The priority when designing a CMM is the need to check the types of activities provided for by the standard (taking into account the limitations in mass written check knowledge and skills of students): assimilation conceptual apparatus physics course, mastery methodological knowledge, application of knowledge in explaining physical phenomena and solving problems. Mastery of skills in working with information of physical content is tested indirectly by using various methods of presenting information in texts (graphs, tables, diagrams and schematic drawings).

The most important type of activity from the point of view of successful continuation of education at a university is problem solving. Each option includes tasks in all sections of different levels of complexity, allowing you to test the ability to apply physical laws and formulas both in standard educational situations and in non-traditional situations that require the manifestation of a fairly high degree of independence when combining known action algorithms or creating your own plan for completing a task .

The objectivity of checking tasks with a detailed answer is ensured by uniform assessment criteria, the participation of two independent experts evaluating one work, the possibility of appointing a third expert and the presence of an appeal procedure.

The Unified State Examination in Physics is an exam of choice for graduates and is intended for differentiation when entering higher education. educational institutions. For these purposes, the work includes tasks of three difficulty levels. Completing tasks at a basic level of complexity allows you to assess the level of mastery of the most significant content elements of a physics course high school and mastery of the most important species activities.

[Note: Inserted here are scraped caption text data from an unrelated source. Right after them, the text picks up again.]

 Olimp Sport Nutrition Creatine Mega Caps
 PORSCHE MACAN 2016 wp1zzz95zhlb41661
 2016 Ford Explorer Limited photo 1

Among the tasks of the basic level, tasks are distinguished whose content corresponds to the standard of the basic level. Minimum quantity Unified State Examination points in physics, confirming that a graduate has completed a secondary (full) general education program in physics, is established based on the requirements for mastering the basic level standard. The use of advanced and advanced tasks in the examination work high levels complexity allows you to assess the degree of preparedness of a student to continue education at a university.

4. Structure of KIM Unified State Exam

Each version of the examination paper consists of two parts and includes 32 tasks, differing in form and level of complexity (Table 1).

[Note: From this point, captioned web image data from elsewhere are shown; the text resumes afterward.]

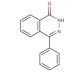 4-Phenyl-1-(2H)-phthalazinone (CAS 5004-45-5) - chemical structure image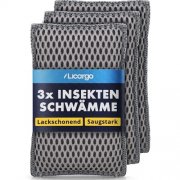 LICARGO Insektenschwamm Auto: 3er Set f&uuml;r schonende Reinigung f&uuml;r nur 9,09&euro;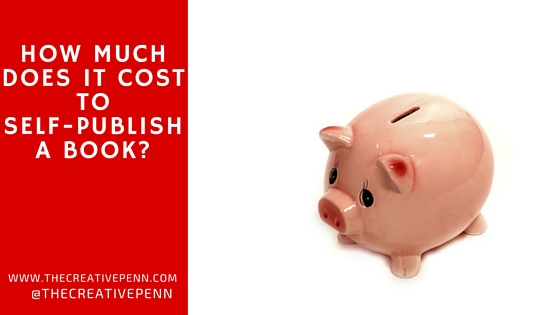 how much does it cost to self-publish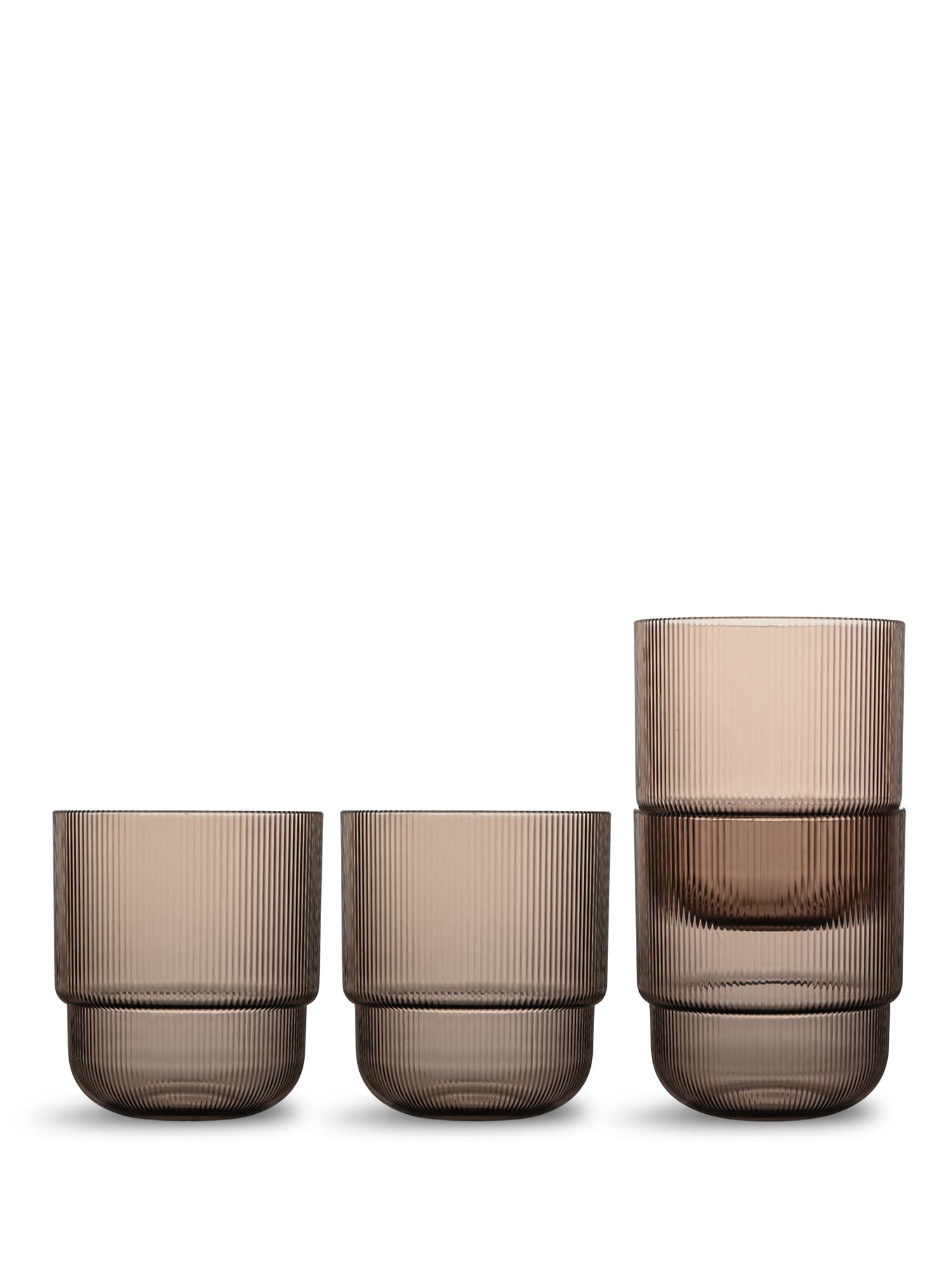 Billi vannglass rPET, 4-pk. – bilde 1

Part 1 contains 24 short answer questions. Of these, 13 are tasks with the answer written in the form of a number, a word or two numbers. 11 matching and multiple choice tasks that require you to write your answers as a sequence of numbers.

Part 2 contains 8 tasks combined general view activities - problem solving. Of these, 3 tasks with a short answer (25-27) and 5 tasks (28-32), for which you need to provide a detailed answer.

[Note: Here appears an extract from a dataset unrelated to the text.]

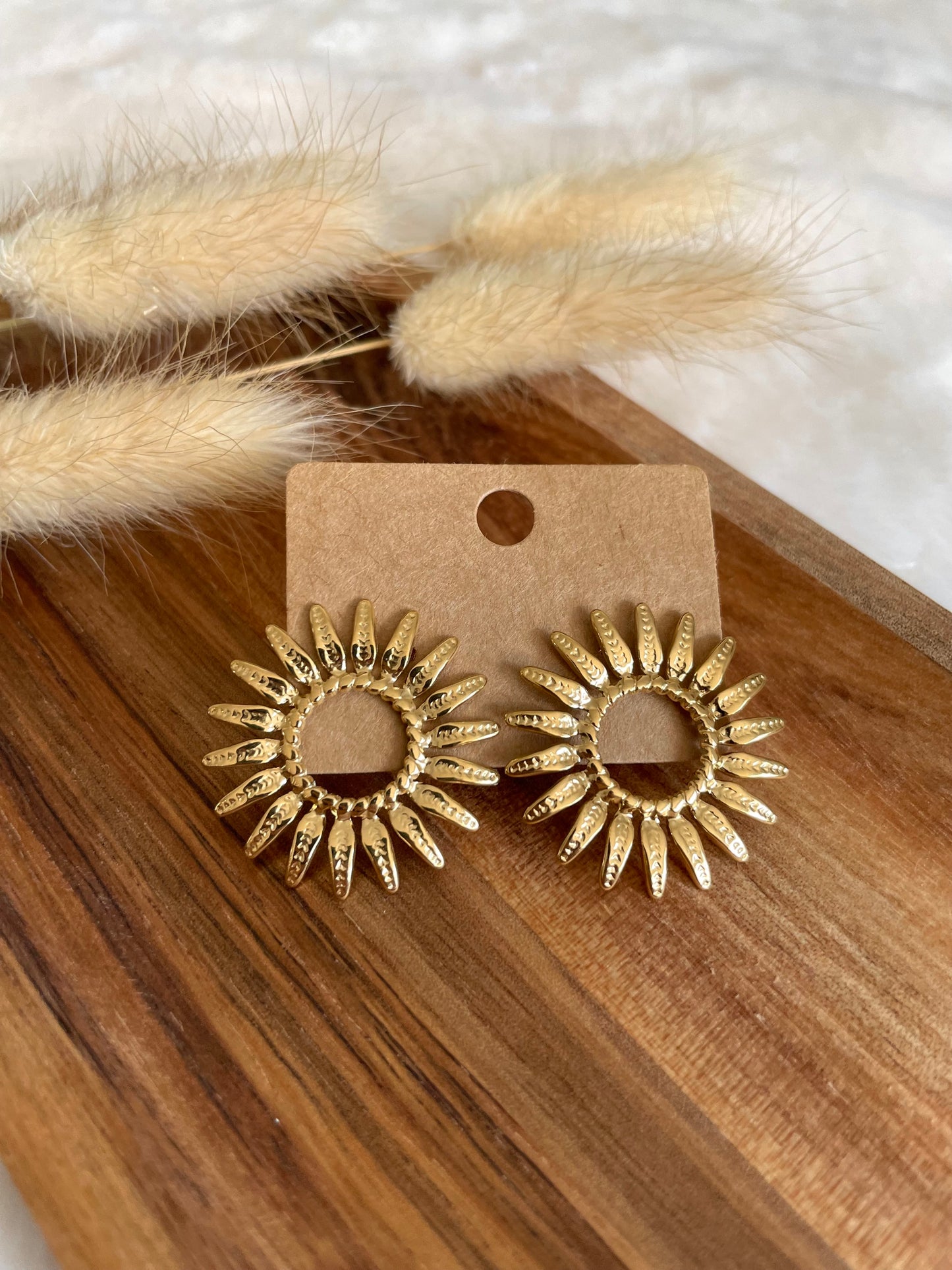 Boucles d’oreilles Aimie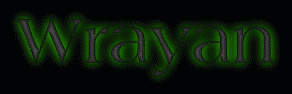 Wrayan First Name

Secondary general education

Line UMK G. Ya. Myakisheva, M.A. Petrova. Physics (10-11) (B)

Unified State Exam 2020 codifier in physics FIPI

Major changes in the new demo

For the most part, the changes have become minor. Thus, in physics assignments there will be not five, but six questions that require a detailed answer. Task No. 24 on knowledge of the elements of astrophysics has become more complicated - now, instead of two required correct answers, there can be either two or three correct options.

Soon we will talk about the upcoming Unified State Exam on and on air our YouTube channel.

Unified State Exam schedule in physics in 2020

On at the moment It is known that the Ministry of Education and Rosobrnadzor have published drafts for public discussion Unified State Exam schedule. Physics exams are scheduled to be held on June 4.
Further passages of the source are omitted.